— WHAT TO WORK ON —
Each line below that includes the word "plate" is to be reported.

Short descriptive text snippets:
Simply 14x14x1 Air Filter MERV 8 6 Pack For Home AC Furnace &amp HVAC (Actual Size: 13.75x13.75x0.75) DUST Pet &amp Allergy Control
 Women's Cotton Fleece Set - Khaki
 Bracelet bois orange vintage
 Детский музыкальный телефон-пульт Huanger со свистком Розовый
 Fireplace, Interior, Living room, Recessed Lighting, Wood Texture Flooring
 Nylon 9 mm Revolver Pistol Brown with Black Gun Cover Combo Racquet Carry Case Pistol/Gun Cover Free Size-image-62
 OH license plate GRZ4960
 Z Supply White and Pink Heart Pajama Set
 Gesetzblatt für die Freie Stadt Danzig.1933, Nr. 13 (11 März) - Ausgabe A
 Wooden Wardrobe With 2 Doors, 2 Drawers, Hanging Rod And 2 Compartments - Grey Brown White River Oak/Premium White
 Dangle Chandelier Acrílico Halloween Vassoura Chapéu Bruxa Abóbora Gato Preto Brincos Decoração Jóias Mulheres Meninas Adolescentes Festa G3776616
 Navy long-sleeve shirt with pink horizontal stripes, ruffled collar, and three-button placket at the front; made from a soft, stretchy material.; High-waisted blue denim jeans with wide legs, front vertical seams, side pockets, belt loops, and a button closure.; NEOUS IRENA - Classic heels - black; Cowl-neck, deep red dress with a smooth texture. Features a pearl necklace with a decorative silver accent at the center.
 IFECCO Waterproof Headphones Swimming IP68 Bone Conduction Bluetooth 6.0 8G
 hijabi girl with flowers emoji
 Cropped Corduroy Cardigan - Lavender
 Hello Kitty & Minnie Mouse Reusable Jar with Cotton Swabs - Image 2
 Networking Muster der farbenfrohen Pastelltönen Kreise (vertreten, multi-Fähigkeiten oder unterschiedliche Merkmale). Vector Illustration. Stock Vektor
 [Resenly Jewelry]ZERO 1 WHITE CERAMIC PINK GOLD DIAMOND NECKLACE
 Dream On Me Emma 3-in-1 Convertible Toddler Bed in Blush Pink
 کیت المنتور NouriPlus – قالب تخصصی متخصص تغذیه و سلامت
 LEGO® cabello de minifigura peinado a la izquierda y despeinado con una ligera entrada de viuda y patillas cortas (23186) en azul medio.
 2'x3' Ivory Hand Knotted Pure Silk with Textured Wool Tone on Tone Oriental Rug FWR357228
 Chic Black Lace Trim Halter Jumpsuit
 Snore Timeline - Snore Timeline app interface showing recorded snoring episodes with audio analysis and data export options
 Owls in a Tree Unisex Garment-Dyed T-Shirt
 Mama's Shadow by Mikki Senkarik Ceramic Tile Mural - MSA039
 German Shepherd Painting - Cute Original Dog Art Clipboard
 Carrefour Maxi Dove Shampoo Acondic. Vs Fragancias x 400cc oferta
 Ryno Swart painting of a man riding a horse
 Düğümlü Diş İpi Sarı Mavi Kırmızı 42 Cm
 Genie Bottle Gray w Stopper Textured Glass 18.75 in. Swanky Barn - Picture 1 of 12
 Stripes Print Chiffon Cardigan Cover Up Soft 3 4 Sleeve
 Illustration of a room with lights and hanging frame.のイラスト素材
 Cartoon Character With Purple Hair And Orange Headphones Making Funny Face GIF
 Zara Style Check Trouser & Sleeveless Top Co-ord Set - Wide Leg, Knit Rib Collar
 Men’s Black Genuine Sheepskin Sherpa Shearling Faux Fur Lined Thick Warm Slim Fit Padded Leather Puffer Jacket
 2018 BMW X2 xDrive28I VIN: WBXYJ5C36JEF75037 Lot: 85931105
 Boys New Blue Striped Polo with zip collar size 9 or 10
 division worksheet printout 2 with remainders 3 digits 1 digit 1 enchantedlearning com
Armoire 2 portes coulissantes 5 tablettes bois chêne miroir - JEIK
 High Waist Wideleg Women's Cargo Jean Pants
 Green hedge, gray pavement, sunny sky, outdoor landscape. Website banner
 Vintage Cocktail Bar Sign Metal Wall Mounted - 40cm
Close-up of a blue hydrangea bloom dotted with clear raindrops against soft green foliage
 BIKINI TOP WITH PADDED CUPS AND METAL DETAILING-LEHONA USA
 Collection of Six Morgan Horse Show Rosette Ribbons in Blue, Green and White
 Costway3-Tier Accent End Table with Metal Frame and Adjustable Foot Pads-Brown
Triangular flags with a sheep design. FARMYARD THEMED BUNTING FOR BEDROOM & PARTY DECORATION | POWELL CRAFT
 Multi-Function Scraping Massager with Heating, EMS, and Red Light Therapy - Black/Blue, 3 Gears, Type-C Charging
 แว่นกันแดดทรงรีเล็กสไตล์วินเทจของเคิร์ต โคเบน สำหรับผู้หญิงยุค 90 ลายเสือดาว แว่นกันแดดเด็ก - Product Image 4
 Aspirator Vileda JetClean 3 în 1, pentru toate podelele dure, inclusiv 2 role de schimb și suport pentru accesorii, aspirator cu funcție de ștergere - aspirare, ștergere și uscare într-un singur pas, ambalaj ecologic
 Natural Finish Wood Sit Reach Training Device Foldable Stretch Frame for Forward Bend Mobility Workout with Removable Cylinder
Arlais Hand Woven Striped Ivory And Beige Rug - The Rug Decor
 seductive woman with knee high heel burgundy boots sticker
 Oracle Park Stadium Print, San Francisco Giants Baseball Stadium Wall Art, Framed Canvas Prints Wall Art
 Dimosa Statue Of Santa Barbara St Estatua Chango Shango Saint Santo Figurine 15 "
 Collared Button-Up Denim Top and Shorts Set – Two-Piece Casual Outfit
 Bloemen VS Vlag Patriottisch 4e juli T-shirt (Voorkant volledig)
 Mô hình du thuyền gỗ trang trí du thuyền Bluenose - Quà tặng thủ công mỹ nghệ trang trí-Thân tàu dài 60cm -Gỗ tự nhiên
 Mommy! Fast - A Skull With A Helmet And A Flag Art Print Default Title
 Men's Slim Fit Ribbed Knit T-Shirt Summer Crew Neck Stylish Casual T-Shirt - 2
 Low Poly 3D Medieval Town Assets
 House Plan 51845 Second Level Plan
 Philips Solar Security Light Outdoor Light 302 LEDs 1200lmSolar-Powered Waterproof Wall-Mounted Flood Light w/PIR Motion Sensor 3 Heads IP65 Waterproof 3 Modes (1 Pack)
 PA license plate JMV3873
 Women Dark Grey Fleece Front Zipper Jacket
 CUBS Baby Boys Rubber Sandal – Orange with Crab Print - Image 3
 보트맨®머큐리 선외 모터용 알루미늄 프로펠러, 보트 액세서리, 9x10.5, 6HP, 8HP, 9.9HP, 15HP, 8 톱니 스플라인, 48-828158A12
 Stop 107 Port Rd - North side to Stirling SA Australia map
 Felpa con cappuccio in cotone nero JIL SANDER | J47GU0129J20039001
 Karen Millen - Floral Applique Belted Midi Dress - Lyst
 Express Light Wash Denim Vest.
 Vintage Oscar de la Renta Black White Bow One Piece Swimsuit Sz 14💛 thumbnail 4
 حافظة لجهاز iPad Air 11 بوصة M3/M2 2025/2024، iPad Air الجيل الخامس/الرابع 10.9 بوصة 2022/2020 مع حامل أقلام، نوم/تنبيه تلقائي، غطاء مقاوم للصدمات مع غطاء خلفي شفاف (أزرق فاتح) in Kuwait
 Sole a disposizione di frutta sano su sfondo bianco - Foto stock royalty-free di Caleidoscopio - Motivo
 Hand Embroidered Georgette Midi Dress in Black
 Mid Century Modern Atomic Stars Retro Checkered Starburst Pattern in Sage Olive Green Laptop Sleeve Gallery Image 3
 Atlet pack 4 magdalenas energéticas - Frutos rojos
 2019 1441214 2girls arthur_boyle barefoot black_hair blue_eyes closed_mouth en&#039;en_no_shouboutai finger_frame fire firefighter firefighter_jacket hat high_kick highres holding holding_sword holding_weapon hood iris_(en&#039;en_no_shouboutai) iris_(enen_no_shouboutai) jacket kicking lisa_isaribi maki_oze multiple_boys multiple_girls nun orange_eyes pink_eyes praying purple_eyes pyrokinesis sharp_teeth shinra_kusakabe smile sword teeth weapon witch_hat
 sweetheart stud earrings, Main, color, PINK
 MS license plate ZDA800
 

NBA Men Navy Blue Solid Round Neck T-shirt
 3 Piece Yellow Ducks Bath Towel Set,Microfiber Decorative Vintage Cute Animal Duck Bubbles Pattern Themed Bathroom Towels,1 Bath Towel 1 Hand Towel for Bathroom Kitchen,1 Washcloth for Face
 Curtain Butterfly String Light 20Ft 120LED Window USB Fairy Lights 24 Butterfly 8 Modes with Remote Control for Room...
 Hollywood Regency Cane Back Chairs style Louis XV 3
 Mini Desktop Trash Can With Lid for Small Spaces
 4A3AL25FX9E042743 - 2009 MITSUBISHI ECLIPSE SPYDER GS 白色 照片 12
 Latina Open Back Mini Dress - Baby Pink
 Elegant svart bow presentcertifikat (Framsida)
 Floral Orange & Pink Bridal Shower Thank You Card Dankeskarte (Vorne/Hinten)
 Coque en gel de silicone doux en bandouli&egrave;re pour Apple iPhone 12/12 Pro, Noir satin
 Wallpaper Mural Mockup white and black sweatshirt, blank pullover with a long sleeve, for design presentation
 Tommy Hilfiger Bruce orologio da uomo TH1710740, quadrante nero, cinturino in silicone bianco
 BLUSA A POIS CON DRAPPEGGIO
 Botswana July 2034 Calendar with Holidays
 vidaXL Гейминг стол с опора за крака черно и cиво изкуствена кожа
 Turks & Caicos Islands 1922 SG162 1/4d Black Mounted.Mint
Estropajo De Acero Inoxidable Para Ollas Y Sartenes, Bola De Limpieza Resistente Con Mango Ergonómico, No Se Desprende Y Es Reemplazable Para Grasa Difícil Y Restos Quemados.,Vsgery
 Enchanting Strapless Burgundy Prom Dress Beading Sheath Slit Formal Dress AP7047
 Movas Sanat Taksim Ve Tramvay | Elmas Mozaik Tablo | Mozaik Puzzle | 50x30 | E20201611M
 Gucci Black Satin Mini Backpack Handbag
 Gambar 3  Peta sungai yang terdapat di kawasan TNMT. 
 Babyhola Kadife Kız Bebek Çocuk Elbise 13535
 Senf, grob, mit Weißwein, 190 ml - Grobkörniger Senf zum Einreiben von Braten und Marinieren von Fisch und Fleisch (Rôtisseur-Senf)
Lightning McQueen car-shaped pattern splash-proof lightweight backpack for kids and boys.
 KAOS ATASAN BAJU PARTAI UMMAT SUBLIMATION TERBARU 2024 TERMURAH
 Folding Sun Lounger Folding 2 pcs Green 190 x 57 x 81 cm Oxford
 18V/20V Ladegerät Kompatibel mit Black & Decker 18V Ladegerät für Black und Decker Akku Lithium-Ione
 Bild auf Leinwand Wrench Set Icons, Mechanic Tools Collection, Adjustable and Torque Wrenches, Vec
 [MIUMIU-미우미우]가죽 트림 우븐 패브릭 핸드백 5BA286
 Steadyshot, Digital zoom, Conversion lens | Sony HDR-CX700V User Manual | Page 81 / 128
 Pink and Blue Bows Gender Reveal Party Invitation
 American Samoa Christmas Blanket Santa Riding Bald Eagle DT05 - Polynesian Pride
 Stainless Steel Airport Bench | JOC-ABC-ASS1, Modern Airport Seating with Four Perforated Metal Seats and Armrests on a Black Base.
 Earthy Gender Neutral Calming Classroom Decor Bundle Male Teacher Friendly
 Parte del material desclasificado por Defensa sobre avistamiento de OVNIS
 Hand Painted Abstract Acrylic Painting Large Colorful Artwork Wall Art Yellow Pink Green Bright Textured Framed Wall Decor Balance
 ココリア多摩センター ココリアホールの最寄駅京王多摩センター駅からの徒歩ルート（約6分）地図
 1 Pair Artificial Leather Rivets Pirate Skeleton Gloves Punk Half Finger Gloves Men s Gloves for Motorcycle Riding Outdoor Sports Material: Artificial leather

— THE ANSWER —
 OH license plate GRZ4960
 PA license plate JMV3873
 MS license plate ZDA800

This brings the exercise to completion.